His answer: the Negev.
"All our focus is on what I call the theater of the immediate," Braverman said. "I'm concerned we ignore internal issues in Israel, as if all we have to do is solve our external problems and the Messiah will come."
Braverman, the president of Ben-Gurion University of the Negev (BGU), was in Los Angeles last week raising money and awareness for his college and his cause. At a time when Israel's "Theater of the Immediate" was running three shows daily on CNN, he was pushing his audiences to think long term.
The Negev Desert in southern Israel makes up 60 percent of Israel, but accounts for only 8 percent of its population. Braverman envisions turning the region's main city, Beersheba, into a metropolis of 3 millions souls. Surrounding it would be development towns, now blisters of unemployment and neglect, reinvented as research and support centers. These communities and greenbelts would carpet the desert, airing out the tightly packed coastal area of Israel and linked via efficient trains to similar new developments in the Galilee.
"By the year 2040, there will be 12 million Israelis," Braverman told me over breakfast in Century City. "Now is the time for the Negev project."
Braverman, 54, is a tall man with a keen intellect and the forceful presence of a platoon commander, which he was. The Stanford-trained economist counts himself as a friend to Prime Minister Ariel Sharon and former Prime Minister Ehud Barak, and observers of the Israeli political scene say that if Braverman only wanted to get his hands a little dirty in national politics, Labor Party leadership would be his for the taking.
But Braverman says he is content -- for now -- to leverage his considerable access and influence to push his dream. "I want the key players of the Jewish world to focus now on the Negev."
If there is a bit of Los Angeles water pioneer William Mulholland in Braverman -- it's easy to picture him standing astride the empty stretches of desert proclaiming as Mulholland did, "There it is, take it" -- there is more than a touch of David Ben-Gurion. Israel's first prime minister made his home on Kibbutz Sde Boker, about 25 miles from Beersheba. He who would seek wisdom, Ben-Gurion used to say, should head south to the Negev.

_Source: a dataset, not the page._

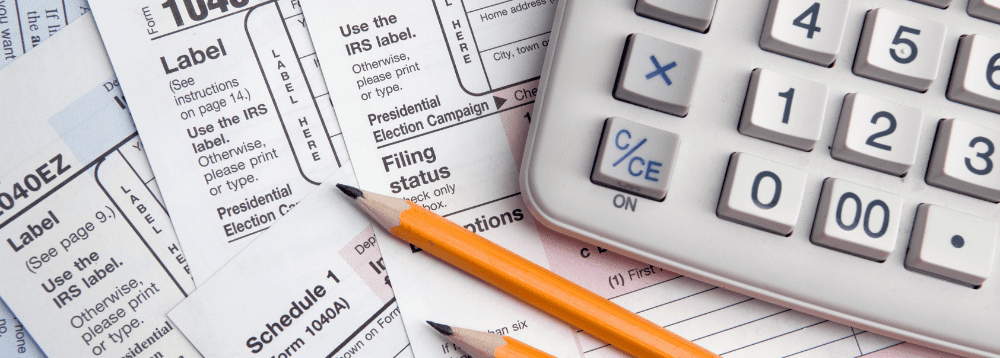 A picture of a calculator and some tax forms.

Ben-Gurion long believed that settling the Negev was critical to Israel's future, and today his vision seems more urgent than ever. It is the catalyst for what Braverman calls Zionism 2.0, the next phase in the Jewish people's nation-building in its ancestral homeland. Like Zionism's first iteration, this one, too, involves a man, a vision and a desert landscape.
It is true that every third Israeli declares his corner of the country the next "Silicon Wadi," ripe for foreign investment and boom times. But Braverman -- to judge by his track record -- might just be the one to fulfill his own prophecy.
He arrived at BGU 12 years ago as Israel's youngest university president, at a time when the government threatened to turn the school, riddled with debt and declining enrollment, into a community college. He has since tripled enrollment to 16,000, raised $250 million, run budget surpluses each year and established the campus as a leader in science and literature.
Its Hebrew literature faculty includes Amos Oz and Aharon Appelfeld; its National Institute for Biotechnology boasts as consultants Phillip Needleman, developer of Celebrex, and Nobel Prize laureate Sir Aaron Klug, and it runs a world-renowned program in arid lands and water research.
Now, BGU is the fastest-growing university in Israel and the hardest one to get into. Think Princeton or Dartmouth at 33 Celsius.
But Braverman's vision of Israel extends beyond the university and the desert. Israel's lurching from crisis to crisis has blinded its leaders to the need for long-term planning and investment. During the last decade, when the tech boom and the glow of Oslo set fire to the nation's economy, the division between the country's haves and have-nots only grew, and monies for public services were nowhere to be found.
"The trickle-down theory never took place anywhere," said Braverman, who served as a senior economist at the World Bank. "There is no trickle-down theory. We never invested -- that's my j'accuse -- not in education, desalination, transportation. We didn't do what we're supposed to do."
But, he says, it is not too late. Development in the Negev and the Galilee -- another underutilized region to the north -- could be the catalyst for improving Israel's governance -- more regional control, less waste and corruption -- and democracy.
For starters, Braverman urges Angelenos who visit Israel to start putting Beersheba and environs on their itinerary. "If you don't go to the Negev" he told me, "you don't understand what Israel is." Or, he might have added, what it can become.